Сколько же это лет мы с тобой не виделись? Как будто семь лет. Много воды утекло за это время. Много прожито и много пережито. Но самое лучшее это то, что и сегодня я от всей души восклицаю, как и в дни нашей солнечной юности: «Хорошо жить на свете!» — и так же, как и тогда, чувствую крылья за плечами, крепкие крылья. Далеко и уверенно можно на них лететь. Да. Да… И это несмотря на то, что я, вероятно, больше никогда не увижу своего любимого мужа (он был смертельно ранен в начале войны, и больше я о нем ничего не знаю), несмотря на то, что я оставляю двоих детей, а младшему из них сыну Сереженьке — всего полгода. Он родился уже без отца, и мы назвали его в память об отце тоже Сергеем. Видишь, как прочно вошло в мою жизнь твое имя.

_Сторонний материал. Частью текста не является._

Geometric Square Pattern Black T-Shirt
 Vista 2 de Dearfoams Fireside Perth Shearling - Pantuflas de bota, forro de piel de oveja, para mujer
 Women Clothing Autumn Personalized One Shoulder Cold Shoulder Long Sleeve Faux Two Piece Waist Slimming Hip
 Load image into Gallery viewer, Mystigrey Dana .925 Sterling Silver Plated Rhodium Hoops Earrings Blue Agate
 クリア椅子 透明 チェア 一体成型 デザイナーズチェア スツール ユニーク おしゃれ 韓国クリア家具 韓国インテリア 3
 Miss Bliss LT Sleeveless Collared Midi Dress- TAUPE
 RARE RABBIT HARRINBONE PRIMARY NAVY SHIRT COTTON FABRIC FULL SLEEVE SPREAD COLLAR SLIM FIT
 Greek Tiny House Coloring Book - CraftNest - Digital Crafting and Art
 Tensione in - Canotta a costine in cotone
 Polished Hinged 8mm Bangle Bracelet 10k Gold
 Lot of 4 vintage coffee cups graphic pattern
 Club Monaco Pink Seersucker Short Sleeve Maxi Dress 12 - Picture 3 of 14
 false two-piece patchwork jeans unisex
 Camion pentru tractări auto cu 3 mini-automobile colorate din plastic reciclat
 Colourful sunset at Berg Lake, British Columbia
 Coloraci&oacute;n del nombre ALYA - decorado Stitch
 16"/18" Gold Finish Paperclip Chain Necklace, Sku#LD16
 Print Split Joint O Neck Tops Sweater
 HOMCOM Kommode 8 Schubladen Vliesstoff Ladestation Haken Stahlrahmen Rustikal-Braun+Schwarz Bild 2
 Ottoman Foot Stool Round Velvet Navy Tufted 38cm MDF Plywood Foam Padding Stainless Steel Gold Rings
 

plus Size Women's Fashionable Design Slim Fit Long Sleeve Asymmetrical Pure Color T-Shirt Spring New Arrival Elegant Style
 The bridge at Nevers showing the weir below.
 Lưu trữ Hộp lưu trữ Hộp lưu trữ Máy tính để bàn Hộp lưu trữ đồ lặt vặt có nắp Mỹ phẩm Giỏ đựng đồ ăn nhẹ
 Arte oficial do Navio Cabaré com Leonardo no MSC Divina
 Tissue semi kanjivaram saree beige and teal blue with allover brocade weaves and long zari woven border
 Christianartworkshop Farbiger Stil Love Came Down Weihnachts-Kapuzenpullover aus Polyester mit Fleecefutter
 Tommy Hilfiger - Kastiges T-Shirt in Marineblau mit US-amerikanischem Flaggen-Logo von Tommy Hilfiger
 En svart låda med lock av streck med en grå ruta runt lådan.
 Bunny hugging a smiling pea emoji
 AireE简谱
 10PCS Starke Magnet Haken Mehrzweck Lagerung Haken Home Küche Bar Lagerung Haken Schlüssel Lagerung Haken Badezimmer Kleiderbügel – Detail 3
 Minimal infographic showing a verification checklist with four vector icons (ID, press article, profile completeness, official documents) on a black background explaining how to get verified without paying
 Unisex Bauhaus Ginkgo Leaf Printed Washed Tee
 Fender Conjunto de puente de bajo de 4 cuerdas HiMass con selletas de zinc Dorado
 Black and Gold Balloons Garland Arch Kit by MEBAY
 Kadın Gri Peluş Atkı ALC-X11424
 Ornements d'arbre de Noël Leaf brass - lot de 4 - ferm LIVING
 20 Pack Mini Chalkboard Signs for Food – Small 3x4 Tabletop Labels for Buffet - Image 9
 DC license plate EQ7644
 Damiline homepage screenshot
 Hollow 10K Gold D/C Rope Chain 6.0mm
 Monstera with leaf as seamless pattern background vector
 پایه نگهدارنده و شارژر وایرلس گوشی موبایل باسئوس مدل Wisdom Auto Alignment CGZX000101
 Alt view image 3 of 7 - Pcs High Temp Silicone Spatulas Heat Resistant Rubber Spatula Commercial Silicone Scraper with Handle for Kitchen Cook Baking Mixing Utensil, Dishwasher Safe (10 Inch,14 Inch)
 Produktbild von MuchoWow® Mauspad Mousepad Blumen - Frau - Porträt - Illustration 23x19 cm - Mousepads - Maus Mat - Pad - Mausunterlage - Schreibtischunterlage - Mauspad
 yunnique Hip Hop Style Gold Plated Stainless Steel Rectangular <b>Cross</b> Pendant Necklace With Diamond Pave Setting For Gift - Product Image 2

Ну, что ж тебе еще рассказать? Признаюсь, трудно мне писать тебе: от первого до последнего слова, какое я написала, в мысли моей неотступно следует дорогая тень Маруси[85]. Любимая подруга, моя дорогая. Теперь, когда в душе у меня какая-то особенно торжественная радость, я особенно часто вспоминаю ее…
Кончаю. Если можешь, позвони мне или напиши… Я когда-нибудь получу. Наверно получу.
Ну, будь здоров. Вера.
Москва, 16 апреля 1942 г.
Подруге Ю. И. Ошерович.
Я собиралась написать тебе в ответ на твое дорогое письмо, которое я перечитывала не раз, много-много всякой всячины, но получается иначе. Я могу написать тебе только несколько слов, слова «Здравствуй и прощай». Я завтра уезжаю и в ближайшее время писать не смогу. Ты нашла меня для того, чтоб снова пока что потерять. Думаю, что, умудренная многолетним опытом, на этот раз ты уж не будешь обо мне беспокоиться и, прощаясь со мной, будешь радоваться вместе со мной…
Я чувствую себя счастливой, я всей душой ощущаю необъятную красоту нашей жизни и в мою старую формулу: «Хорошо жить на свете» — вкладываю в тысячу раз больший смысл и большее значение, чем во все годы, во всю жизнь, когда я эту формулу от всей души изрекала. Да, да. Хорошо, несмотря ни на что, потому что самое главное счастье, самое главное хорошо — это борьба и победа. Не доказываю, потому что пишу тебе, потому что знаю, что ты все понимаешь и, конечно, разделяешь мою какую-то особенную, торжественную радость.
Ну, будь здорова, любимая, родная… Пиши. Вера.